Those are pot saucers acting as lids for some clay pots buried in my raised beds. They help keep the soil moist underneath surface. We live in an arid climate (as you understand) with hot sun, and they’re kind of like my backup for keeping my plants alive. The plants will actually grow their roots around them. It’s fascinating at the end of the season to pull them up and see huge mats of roots on them.

I wrote my about it on last year’s thread, so I’ll try to link that here.

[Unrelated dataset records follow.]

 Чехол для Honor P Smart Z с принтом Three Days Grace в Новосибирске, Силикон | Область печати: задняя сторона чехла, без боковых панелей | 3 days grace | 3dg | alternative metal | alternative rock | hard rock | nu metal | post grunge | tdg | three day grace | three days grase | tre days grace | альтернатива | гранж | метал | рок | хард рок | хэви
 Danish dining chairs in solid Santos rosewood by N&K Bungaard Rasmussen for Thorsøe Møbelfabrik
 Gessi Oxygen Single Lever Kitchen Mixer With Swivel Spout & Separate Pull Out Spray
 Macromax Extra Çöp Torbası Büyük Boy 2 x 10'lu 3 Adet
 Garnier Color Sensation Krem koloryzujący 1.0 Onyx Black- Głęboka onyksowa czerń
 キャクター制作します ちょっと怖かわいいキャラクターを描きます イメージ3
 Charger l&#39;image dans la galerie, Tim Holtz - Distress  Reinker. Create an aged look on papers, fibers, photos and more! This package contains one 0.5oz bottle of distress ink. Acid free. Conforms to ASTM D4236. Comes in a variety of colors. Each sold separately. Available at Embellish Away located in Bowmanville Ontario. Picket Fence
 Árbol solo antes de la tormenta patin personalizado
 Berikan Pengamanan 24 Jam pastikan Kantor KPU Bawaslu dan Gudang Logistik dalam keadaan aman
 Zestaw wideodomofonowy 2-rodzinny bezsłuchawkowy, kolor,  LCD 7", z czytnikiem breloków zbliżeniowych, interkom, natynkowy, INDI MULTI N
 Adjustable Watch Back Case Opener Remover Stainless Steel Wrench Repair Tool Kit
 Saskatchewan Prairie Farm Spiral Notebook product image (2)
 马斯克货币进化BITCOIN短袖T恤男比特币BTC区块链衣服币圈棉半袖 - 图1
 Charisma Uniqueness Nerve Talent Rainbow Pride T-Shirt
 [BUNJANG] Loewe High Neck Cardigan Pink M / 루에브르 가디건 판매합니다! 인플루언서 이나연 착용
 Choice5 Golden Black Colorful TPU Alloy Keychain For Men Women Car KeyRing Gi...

The green is the potato leaves. We planted seed potatoes at the end of February, and they’re all up now, though a couple are still small. I hope they’ll do well for us. I‘ve never tried to grow potatoes in Texas before.
 

clancey

Feeling the Heat
Feb 26, 2021
331
Colorado
Thanks for the previous thread and tomorrow I will do some reading on it when I get time...Potato's were very important to my family and I am just very curious on how to grow them..I thought maybe you just took one of those eyes and planted them in the soil but I will read the previous thread you brought up when I get time tomorrow and get back with you if I find something that interest me..Thanks clancey.
 

DuaeGuttae

Minister of Fire
Oct 26, 2016
832
Texas
Thanks for the previous thread and tomorrow I will do some reading on it when I get time...Potato's were very important to my family and I am just very curious on how to grow them..I thought maybe you just took one of those eyes and planted them in the soil but I will read the previous thread you brought up when I get time tomorrow and get back with you if I find something that interest me..Thanks clancey.
The previous thread was about my watering system, and it applies to my whole garden, not specifically to the potatoes. (It actually makes the underground more crowded for tuber growth, but I need them to maintain moisture.)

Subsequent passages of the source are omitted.